More recently, a widely circulated report from progressive news outlet Propublica revealed how charter schools increasingly use arrangements known as "sweeps" contracts to send nearly all of a school's public dollars - anywhere from 95 to 100 percent into for-profit charter-management companies.
Reporter Marian Wang wrote, " The contracts are an example of how the charter schools sometimes cede control of public dollars to private companies that have no legal obligation to act in the best interests of the schools or taxpayers ... it can be hard for regulators and even schools themselves to follow the money when nearly all of it goes into the accounts of a private company."
The New Face Of Charter Schools
In their defense, charter school advocates object to the negative portrayals of their operations by claiming the reports cherry pick bad actors from the broad population of charters. But this year's avalanche of malfeasance should dispel any argument about cherry picking.
For sure there are examples of charter schools that are doing an excellent job of educating students. But rapid growth in the industry continues to come from charter operators who are not willing to run their operations like these successful charters because it doesn't suit their "business model."
Further, would a public school advocate defend public schools by countering, "But look at this good one over here?" they would be mocked and derided by charter school proponents.
Advocates for charter schools also defend the explosion in charter school scandals by pointing to scandals in a public school and contenting, "Look, they do it too." Indeed, there are instances of financial and other types of scandals in public schools. That's why they are heavily regulated. Yet charter school backers continue to fight regulations, contribute big money to political candidates who promise a hands-off approach to their schools, and use powerful lobbying firms to coerce legislators to continue unregulated charter governance.

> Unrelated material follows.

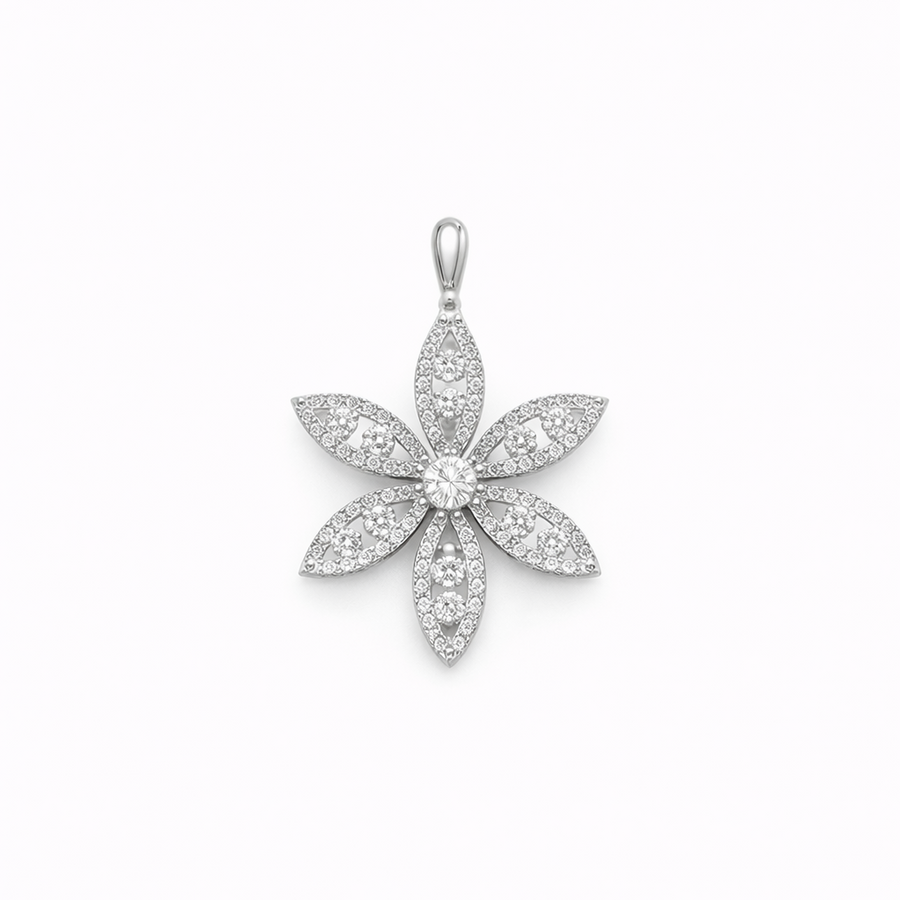 Pendentif Fleur en or blanc 18 kt avec diamants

Charter school defenders also argue that these widespread scandals will be remedied by the "market" - that the inevitable "bad" charters will get closed while only the "good" ones remain. It's true that charter school closures are becoming more commonplace, but charter operators often resist closures - even calling on parents to rally to their cause and appeal to local authorities. Charter schools that close abruptly leave school children and families in the lurch and severely interrupt the students' learning. Operators of closed charters often flee the scene to practice their malfeasance elsewhere, taking with them the supplies and materials they obtained at taxpayer expense. Meanwhile, enormous sums of precious public money are wasted - with no apparent education benefit - all for the sake of this "market churn."

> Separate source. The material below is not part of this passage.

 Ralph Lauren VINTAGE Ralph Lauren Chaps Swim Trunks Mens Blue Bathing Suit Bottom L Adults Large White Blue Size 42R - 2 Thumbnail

As a result of the flood of charter schools scandals, public attitudes about these schools are bound to change.
Surveys show the public generally doesn't get what charter schools are and don't understand whether they are private or public or whether they can charge fees or teach religion. Charter operators themselves have muddled their image by arguing successfully in numerous confrontations with legal authorities that "they are exempt from rules that govern traditional public schools, ranging from labor laws to constitutional protections for students."

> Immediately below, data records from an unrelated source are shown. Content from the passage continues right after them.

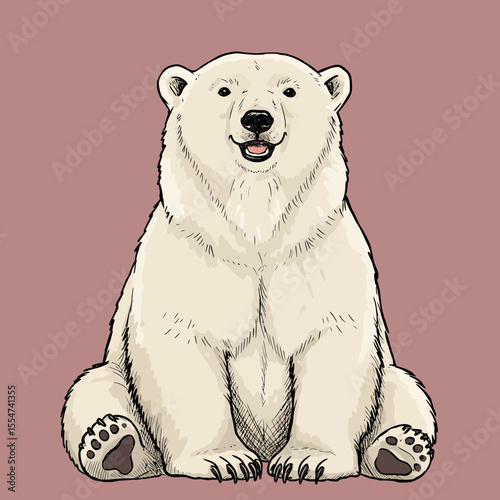 Charming polar bear illustration with a welcoming demeanor and friendly face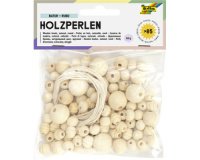 Perles en bois 'Nature', rond, assorti en 4 taillles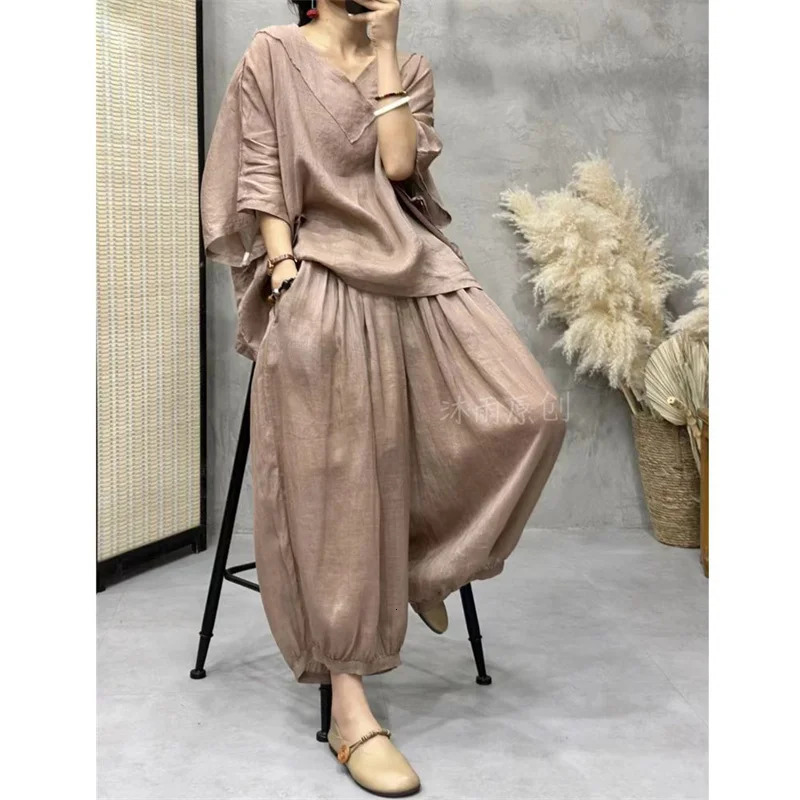 Loose Ramie Set For Women Large Size With Bat Sleeves V-neck Cotton Linen T-shirt Casual Lantern Pants Two-Piece Set For Summer 250210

But a recent poll in Michigan, a state where rampant charter fraud has been well publicized, found that 73 percent of responders say they want a moratorium on the creation of new charter schools. In many communities, announcements about new charter operations opening up have been greeted with outspoken public protests as we've seen in in Nashville, York, PA, and Camden, NJ.
Forecasts about what 2015 will bring to the education landscape frequently foresee more charter schools as charter-friendly lawmakers continue to act witlessly to proliferate these schools. But make no mistake, the charter school scandals of 2014 forever altered the narrative about what these institutions really bring to the populace.